Work order
Will you output all of the data below exactly, omitting the images?

Data items
= = = = = = =

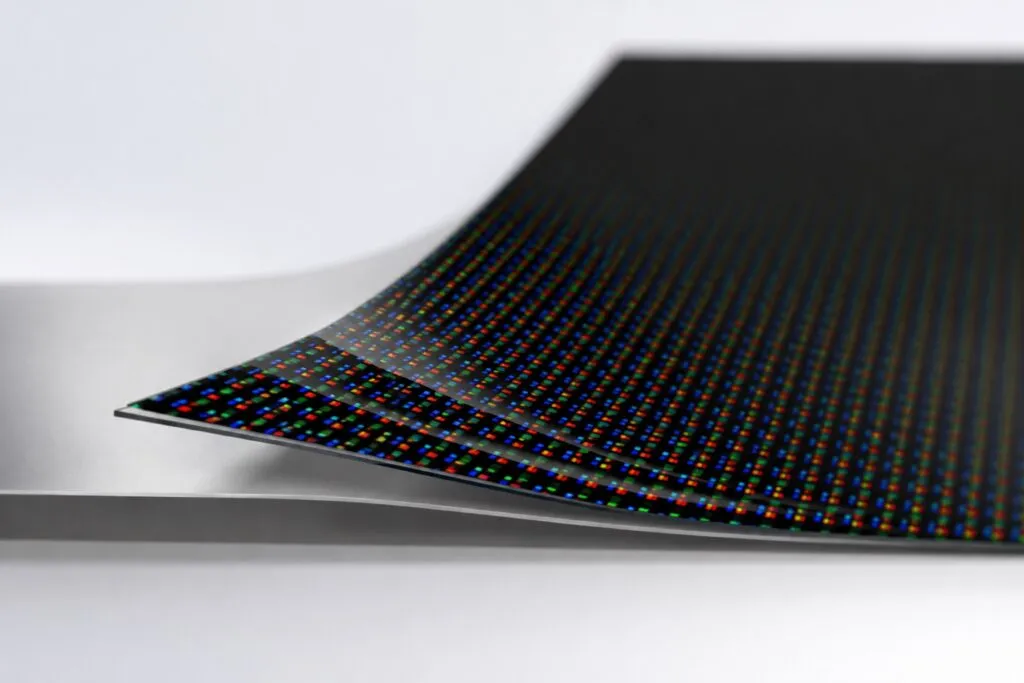 Samsung presenta Flex Titanium para pantallas plegables con mayor resistencia y mejor eficiencia energética.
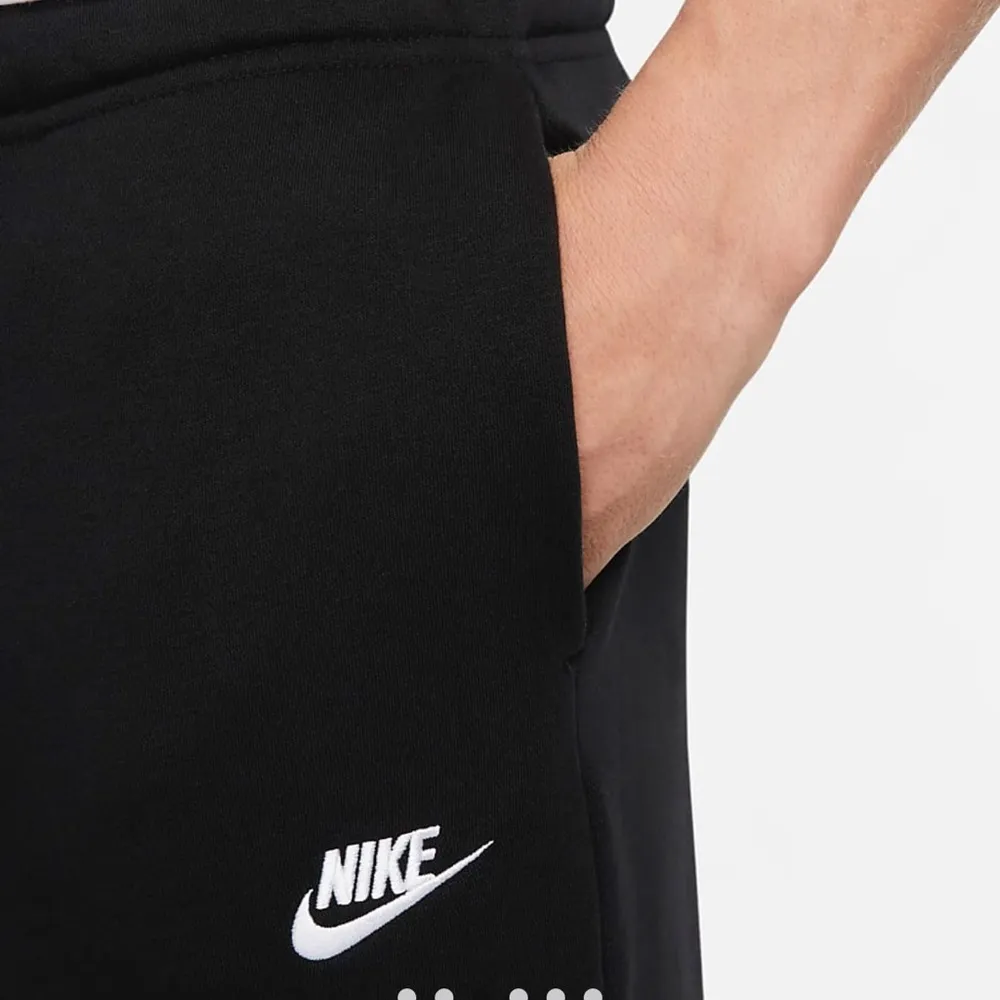 Nike Women’s Black Sportswear Club Fleece Size Medium - Image 4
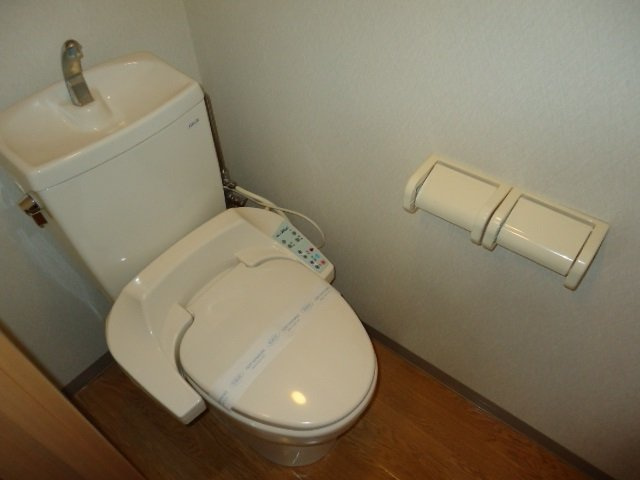 ラ・ヴィータ高取北のトイレ|シャワー付トイレ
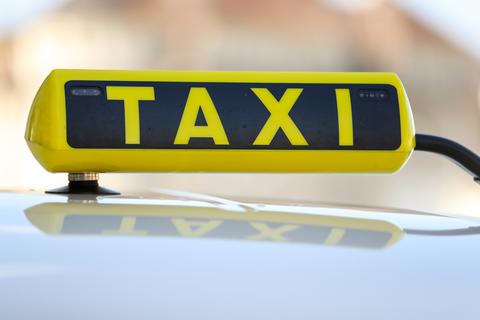 Ein Taxi-Schild. Foto: dpa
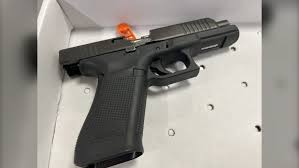 Barrie police seize a firearm and drugs in a Hart Drive hotel parking lot
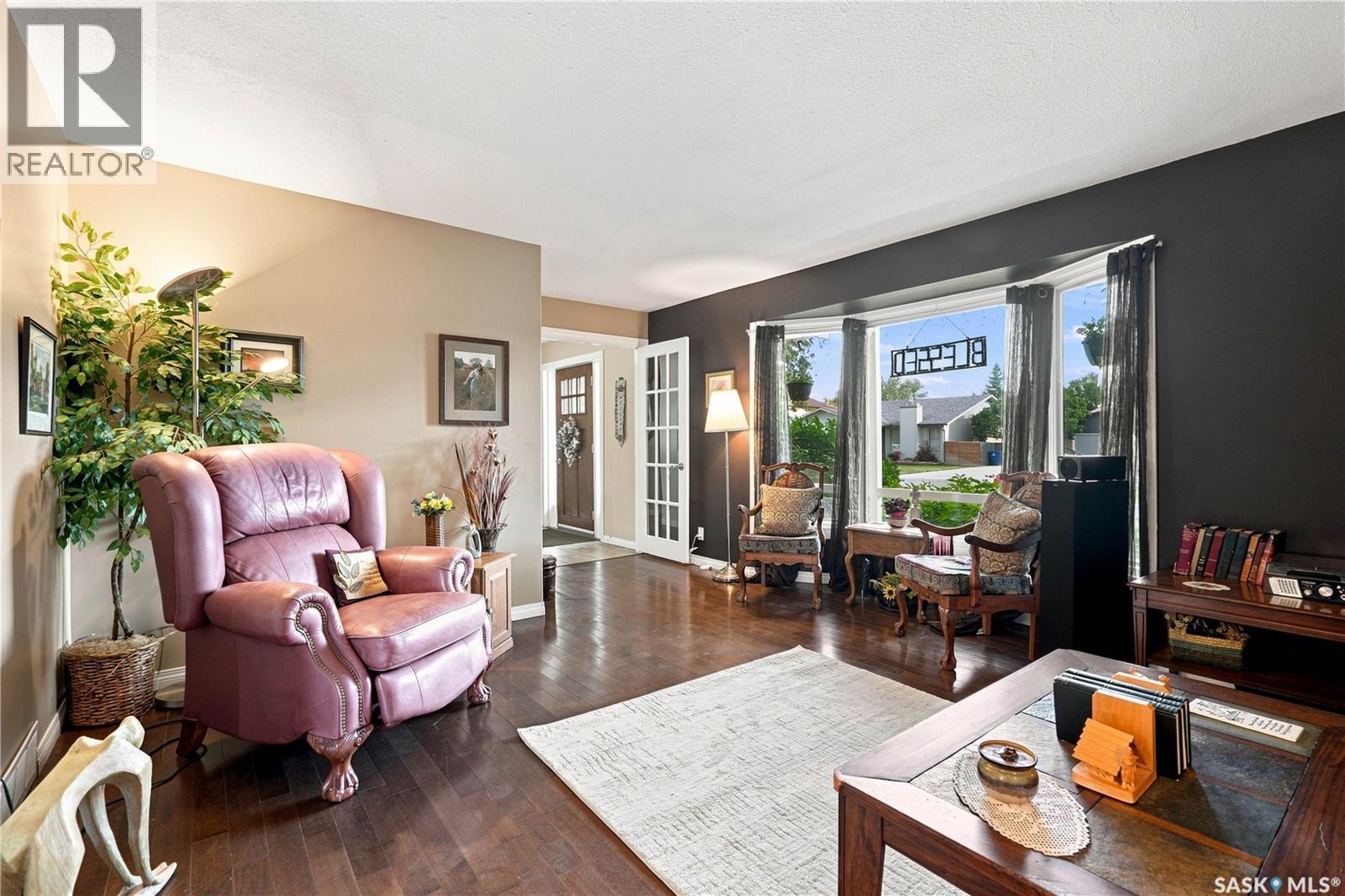 30 Roborecki Terrace, Saskatoon, SK - Indoor Photo Showing Living Room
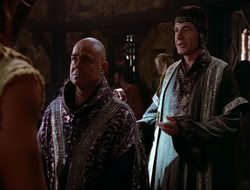 extant_HTLJ_4x10-HerculesOnTrial_00748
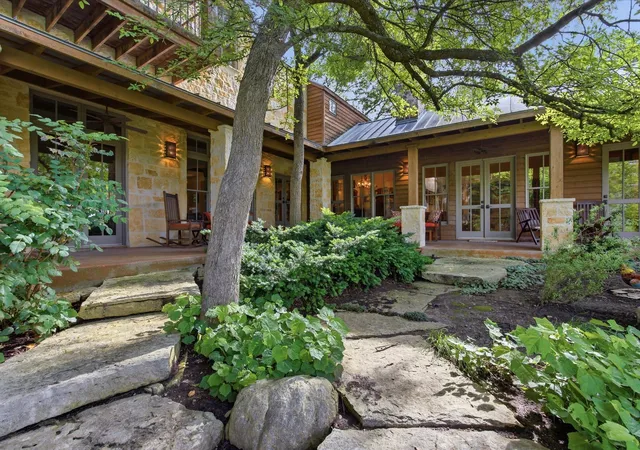 Photo 3 of Mansion for sale at 151 Trinity Bluffs Rd, Aledo, TX 76008 | MLS# 21280807 | Listing updated on 2026-10-20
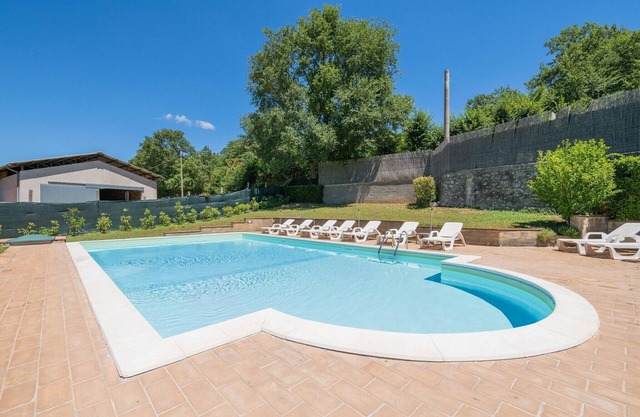 Casa en Sellano con piscina privada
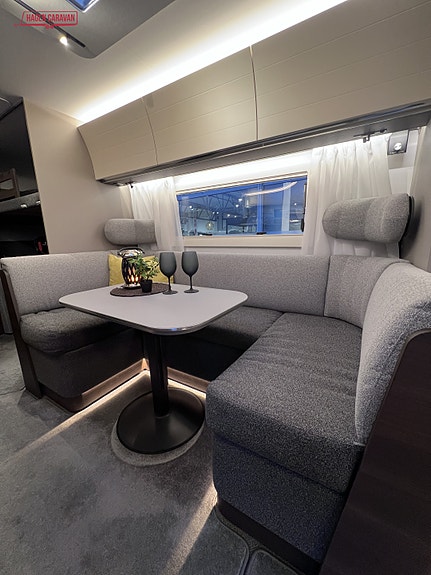 Adria Alpina 663 PT 9 of 21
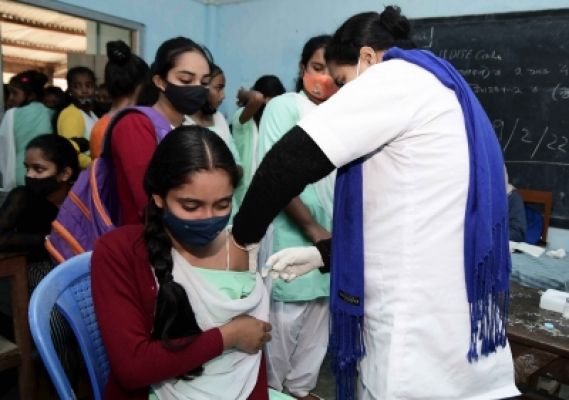 भारत ने दोनों खुराकों के साथ 80 प्रतिशत से अधिक योग्य आबादी का टीकाकरण किया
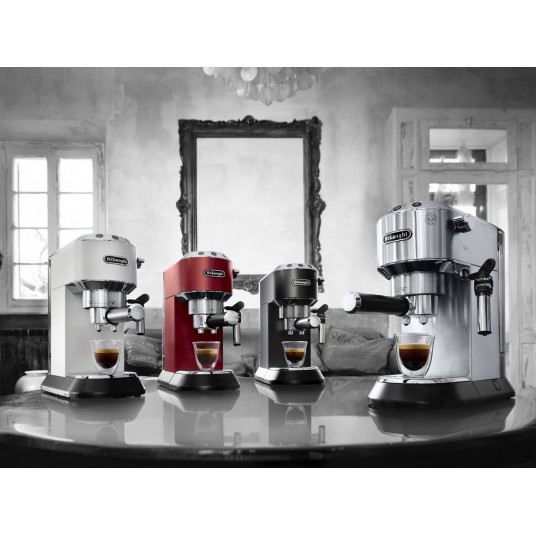 Pusiau automatinis kavos aparatas De'Longhi Dedica Style EC685.M 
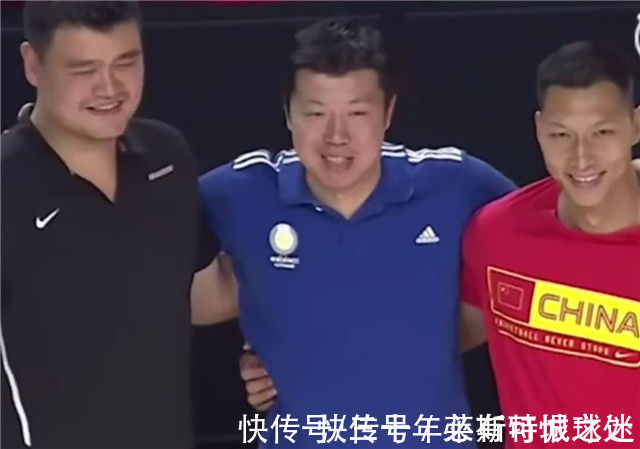 赵睿|易建联庆生太逗!赵睿想拿蛋糕偷袭,阿联转身:干嘛?黑睿就怂了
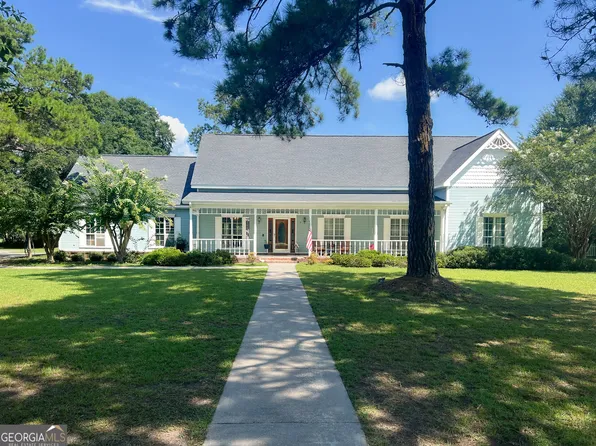118 Sunrise Dr, Eufaula, AL 36027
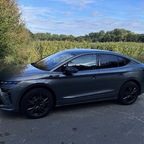 Winterräder montiert, Seitenansicht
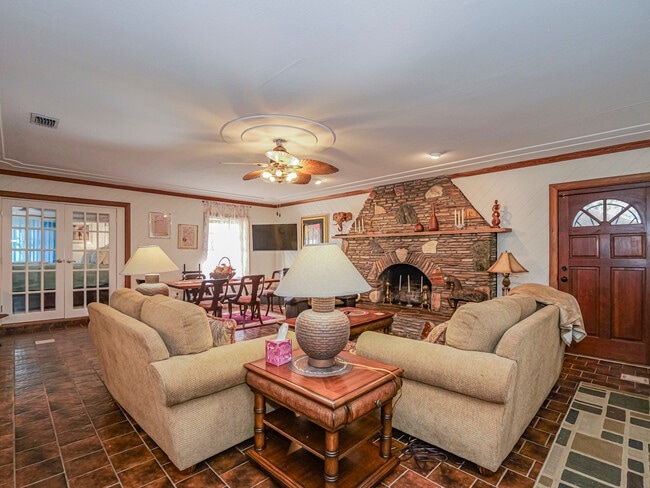 Building Photo - 174 Joy Haven Dr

= = = = = = =

Written response
 Samsung presenta Flex Titanium para pantallas plegables con mayor resistencia y mejor eficiencia energética.
 Nike Women’s Black Sportswear Club Fleece Size Medium - Image 4
 ラ・ヴィータ高取北のトイレ|シャワー付トイレ
 Ein Taxi-Schild. Foto: dpa
 Barrie police seize a firearm and drugs in a Hart Drive hotel parking lot
 30 Roborecki Terrace, Saskatoon, SK - Indoor Photo Showing Living Room
 extant_HTLJ_4x10-HerculesOnTrial_00748
 Photo 3 of Mansion for sale at 151 Trinity Bluffs Rd, Aledo, TX 76008 | MLS# 21280807 | Listing updated on 2026-10-20
 Casa en Sellano con piscina privada
 Adria Alpina 663 PT 9 of 21
 भारत ने दोनों खुराकों के साथ 80 प्रतिशत से अधिक योग्य आबादी का टीकाकरण किया
 Pusiau automatinis kavos aparatas De'Longhi Dedica Style EC685.M 
 赵睿|易建联庆生太逗!赵睿想拿蛋糕偷袭,阿联转身:干嘛?黑睿就怂了
118 Sunrise Dr, Eufaula, AL 36027
 Winterräder montiert, Seitenansicht
 Building Photo - 174 Joy Haven Dr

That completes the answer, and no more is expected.